--- MATERIAL PROVIDED Enclosed Below ---

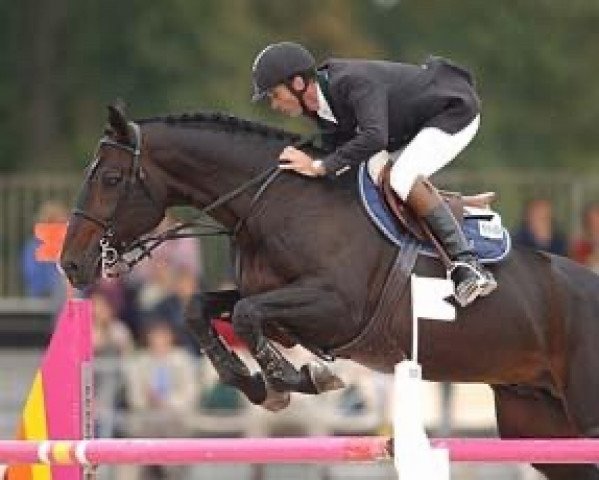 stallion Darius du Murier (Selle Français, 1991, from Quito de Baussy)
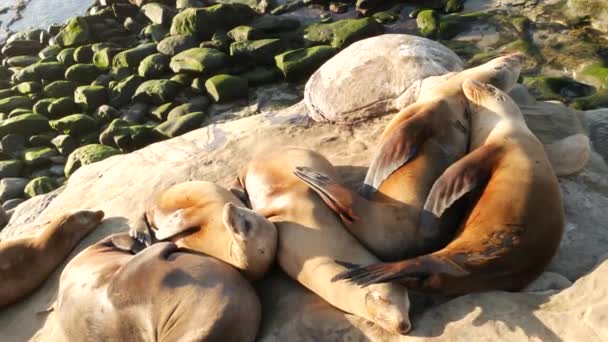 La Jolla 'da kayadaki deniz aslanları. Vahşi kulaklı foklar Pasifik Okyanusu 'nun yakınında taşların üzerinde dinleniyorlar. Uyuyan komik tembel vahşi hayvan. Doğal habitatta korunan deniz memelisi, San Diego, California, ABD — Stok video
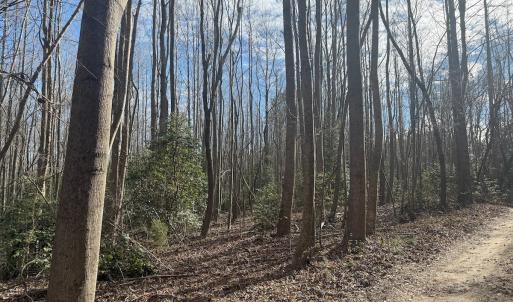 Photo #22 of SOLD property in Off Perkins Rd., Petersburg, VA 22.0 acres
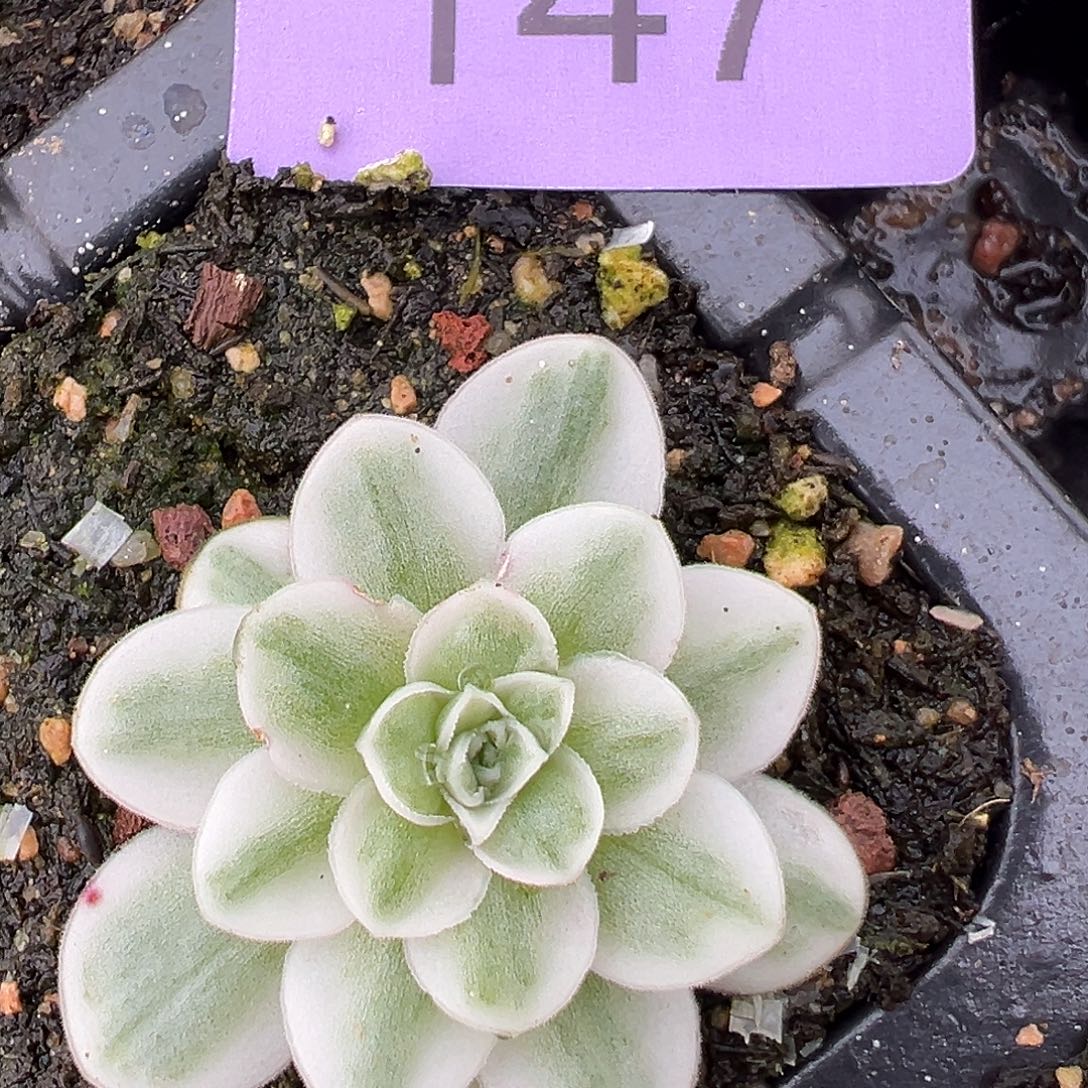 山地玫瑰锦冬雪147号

--- End of Enclosed MATERIAL PROVIDED ---

> TASK DESCRIPTION:
Leave the images out and output the remaining material exactly as it stands.

> RESULT OF THIS EXERCISE:
 stallion Darius du Murier (Selle Français, 1991, from Quito de Baussy)
 La Jolla 'da kayadaki deniz aslanları. Vahşi kulaklı foklar Pasifik Okyanusu 'nun yakınında taşların üzerinde dinleniyorlar. Uyuyan komik tembel vahşi hayvan. Doğal habitatta korunan deniz memelisi, San Diego, California, ABD — Stok video
 Photo #22 of SOLD property in Off Perkins Rd., Petersburg, VA 22.0 acres
 山地玫瑰锦冬雪147号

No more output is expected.